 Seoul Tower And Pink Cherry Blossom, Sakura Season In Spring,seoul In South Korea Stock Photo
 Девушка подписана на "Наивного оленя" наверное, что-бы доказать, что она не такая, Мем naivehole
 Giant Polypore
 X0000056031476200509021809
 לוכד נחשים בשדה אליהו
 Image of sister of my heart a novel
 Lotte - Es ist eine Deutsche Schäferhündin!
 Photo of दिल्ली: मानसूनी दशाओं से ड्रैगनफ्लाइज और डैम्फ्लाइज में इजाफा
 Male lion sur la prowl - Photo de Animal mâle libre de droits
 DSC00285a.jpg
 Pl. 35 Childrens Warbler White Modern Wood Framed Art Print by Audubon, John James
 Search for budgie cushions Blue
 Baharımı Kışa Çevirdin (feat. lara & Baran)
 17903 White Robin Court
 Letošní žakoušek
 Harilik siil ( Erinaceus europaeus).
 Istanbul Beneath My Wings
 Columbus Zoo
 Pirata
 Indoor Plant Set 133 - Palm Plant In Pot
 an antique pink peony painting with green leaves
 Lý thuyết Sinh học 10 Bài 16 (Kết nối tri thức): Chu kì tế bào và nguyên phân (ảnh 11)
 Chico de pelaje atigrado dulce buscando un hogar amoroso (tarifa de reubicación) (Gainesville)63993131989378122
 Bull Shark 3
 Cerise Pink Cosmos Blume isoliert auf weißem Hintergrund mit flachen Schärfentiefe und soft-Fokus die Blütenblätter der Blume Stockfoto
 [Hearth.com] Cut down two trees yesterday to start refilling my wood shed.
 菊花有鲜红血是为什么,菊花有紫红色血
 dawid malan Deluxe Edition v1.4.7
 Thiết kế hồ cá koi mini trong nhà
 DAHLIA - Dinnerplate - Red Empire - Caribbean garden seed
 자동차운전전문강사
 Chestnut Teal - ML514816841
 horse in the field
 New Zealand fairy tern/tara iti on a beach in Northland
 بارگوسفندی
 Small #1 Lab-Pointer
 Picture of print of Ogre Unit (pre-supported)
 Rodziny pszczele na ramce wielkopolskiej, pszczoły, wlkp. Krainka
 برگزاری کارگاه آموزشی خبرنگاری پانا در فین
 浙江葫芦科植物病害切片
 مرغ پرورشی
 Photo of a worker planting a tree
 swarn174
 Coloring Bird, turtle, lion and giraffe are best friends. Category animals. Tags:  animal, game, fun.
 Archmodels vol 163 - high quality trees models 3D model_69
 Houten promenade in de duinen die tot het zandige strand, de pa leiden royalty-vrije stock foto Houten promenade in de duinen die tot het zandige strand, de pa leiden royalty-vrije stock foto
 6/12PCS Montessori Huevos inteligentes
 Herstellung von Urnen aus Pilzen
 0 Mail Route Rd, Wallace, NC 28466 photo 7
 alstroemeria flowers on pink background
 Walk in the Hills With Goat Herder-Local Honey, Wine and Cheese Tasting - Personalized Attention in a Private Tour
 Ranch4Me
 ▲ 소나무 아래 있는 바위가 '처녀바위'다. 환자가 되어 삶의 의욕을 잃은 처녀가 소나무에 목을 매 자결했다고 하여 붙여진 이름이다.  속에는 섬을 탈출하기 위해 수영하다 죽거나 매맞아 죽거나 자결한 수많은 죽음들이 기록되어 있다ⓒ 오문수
^^^^
What the task asks:
Give the data back exactly as it stands.

Written solution:
 Seoul Tower And Pink Cherry Blossom, Sakura Season In Spring,seoul In South Korea Stock Photo
 Девушка подписана на "Наивного оленя" наверное, что-бы доказать, что она не такая, Мем naivehole
 Giant Polypore
 X0000056031476200509021809
 לוכד נחשים בשדה אליהו
 Image of sister of my heart a novel
 Lotte - Es ist eine Deutsche Schäferhündin!
 Photo of दिल्ली: मानसूनी दशाओं से ड्रैगनफ्लाइज और डैम्फ्लाइज में इजाफा
 Male lion sur la prowl - Photo de Animal mâle libre de droits
 DSC00285a.jpg
 Pl. 35 Childrens Warbler White Modern Wood Framed Art Print by Audubon, John James
 Search for budgie cushions Blue
 Baharımı Kışa Çevirdin (feat. lara & Baran)
 17903 White Robin Court
 Letošní žakoušek
 Harilik siil ( Erinaceus europaeus).
 Istanbul Beneath My Wings
 Columbus Zoo
 Pirata
 Indoor Plant Set 133 - Palm Plant In Pot
 an antique pink peony painting with green leaves
 Lý thuyết Sinh học 10 Bài 16 (Kết nối tri thức): Chu kì tế bào và nguyên phân (ảnh 11)
 Chico de pelaje atigrado dulce buscando un hogar amoroso (tarifa de reubicación) (Gainesville)63993131989378122
 Bull Shark 3
 Cerise Pink Cosmos Blume isoliert auf weißem Hintergrund mit flachen Schärfentiefe und soft-Fokus die Blütenblätter der Blume Stockfoto
 [Hearth.com] Cut down two trees yesterday to start refilling my wood shed.
 菊花有鲜红血是为什么,菊花有紫红色血
 dawid malan Deluxe Edition v1.4.7
 Thiết kế hồ cá koi mini trong nhà
 DAHLIA - Dinnerplate - Red Empire - Caribbean garden seed
 자동차운전전문강사
 Chestnut Teal - ML514816841
 horse in the field
 New Zealand fairy tern/tara iti on a beach in Northland
 بارگوسفندی
 Small #1 Lab-Pointer
 Picture of print of Ogre Unit (pre-supported)
 Rodziny pszczele na ramce wielkopolskiej, pszczoły, wlkp. Krainka
 برگزاری کارگاه آموزشی خبرنگاری پانا در فین
 浙江葫芦科植物病害切片
 مرغ پرورشی
 Photo of a worker planting a tree
 swarn174
 Coloring Bird, turtle, lion and giraffe are best friends. Category animals. Tags:  animal, game, fun.
 Archmodels vol 163 - high quality trees models 3D model_69
 Houten promenade in de duinen die tot het zandige strand, de pa leiden royalty-vrije stock foto Houten promenade in de duinen die tot het zandige strand, de pa leiden royalty-vrije stock foto
 6/12PCS Montessori Huevos inteligentes
 Herstellung von Urnen aus Pilzen
 0 Mail Route Rd, Wallace, NC 28466 photo 7
 alstroemeria flowers on pink background
 Walk in the Hills With Goat Herder-Local Honey, Wine and Cheese Tasting - Personalized Attention in a Private Tour
 Ranch4Me
 ▲ 소나무 아래 있는 바위가 '처녀바위'다. 환자가 되어 삶의 의욕을 잃은 처녀가 소나무에 목을 매 자결했다고 하여 붙여진 이름이다.  속에는 섬을 탈출하기 위해 수영하다 죽거나 매맞아 죽거나 자결한 수많은 죽음들이 기록되어 있다ⓒ 오문수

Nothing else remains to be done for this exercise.